Component-based Web commerce nears, says CommerceNet chief

Internet entrepreneurs of the future will be able to assemble new and innovative businesses from components found on the World Wide Web, according to the head of an industry consortium that promotes electronic commerce.

Internet entrepreneurs of the future will be able to assemble new and innovative businesses from components found on the World Wide Web, according to the head of an industry consortium that promotes electronic commerce.

Dubbed "component-based commerce", this business model will enable Web-based entrepreneurs to package other businesses, or components, into their own baskets of goods and services tailored to the needs of individual customers, according to Jay Tenenbaum, chairman of CommerceNet, a consortium of about 500 companies and organisations involved in electronic commerce.

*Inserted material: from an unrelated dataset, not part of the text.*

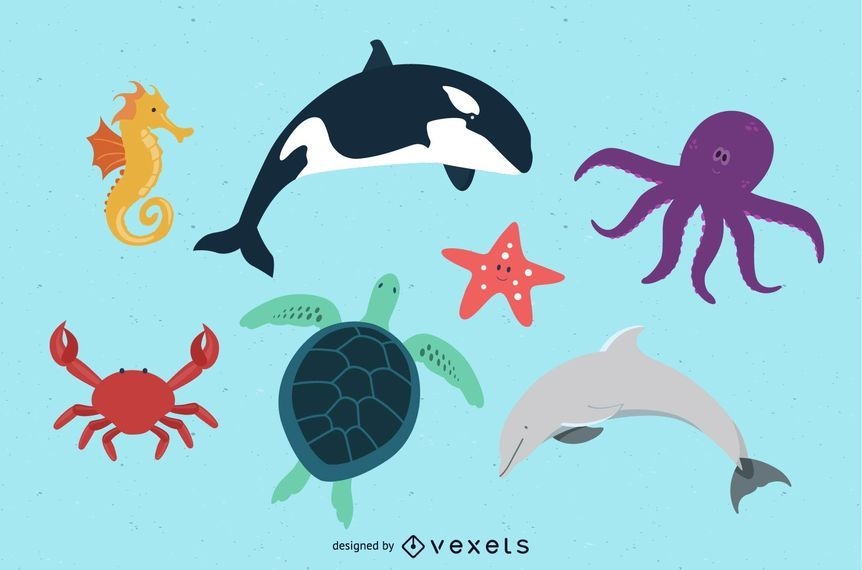 Free Kids Beach Animals Art Pack - Vector Download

Speaking at the consortium’s Asia summit in Tokyo yesterday, Tenenbaum said that an early foundation of Internet commerce has arrived as companies such as discount retailer Wal-Mart Stores build online businesses. But the next step, component-based commerce, will allow entrepreneurs to integrate a mix of different vendors into entirely new businesses, creating "opportunities for new, innovative kinds of businesses that build on the value of these pioneering stores", he says.

Tenenbaum likens the model to object-oriented software development, in which separate software components can be reused to create different applications.

Citing an airline sales Web site as an example, Tenenbaum says that a business can be created that provides inexpensive airfares by using resources available on the Web. The service would integrate any number of separate businesses from a registry of airlines, airlines' Web sites, and online banks to process transactions and potentially offer a service to deliver tickets.

While today there are Web-based services, such as search engines, that perform similar tasks, Tenenbaum says that they lack the scalability that the fast-growing Web requires. For opportunities for component-based businesses to take hold, the Web will need some changes, he says. These would include a focus by Web businesses on interoperability with systems and platforms used by a wide variety of potential customers and other businesses.

In addition, in order for different sites to be integrated, Web resources will need to become object-oriented and employ technologies such as XML (Extensible Markup Language), which enable data to be tagged and easily found.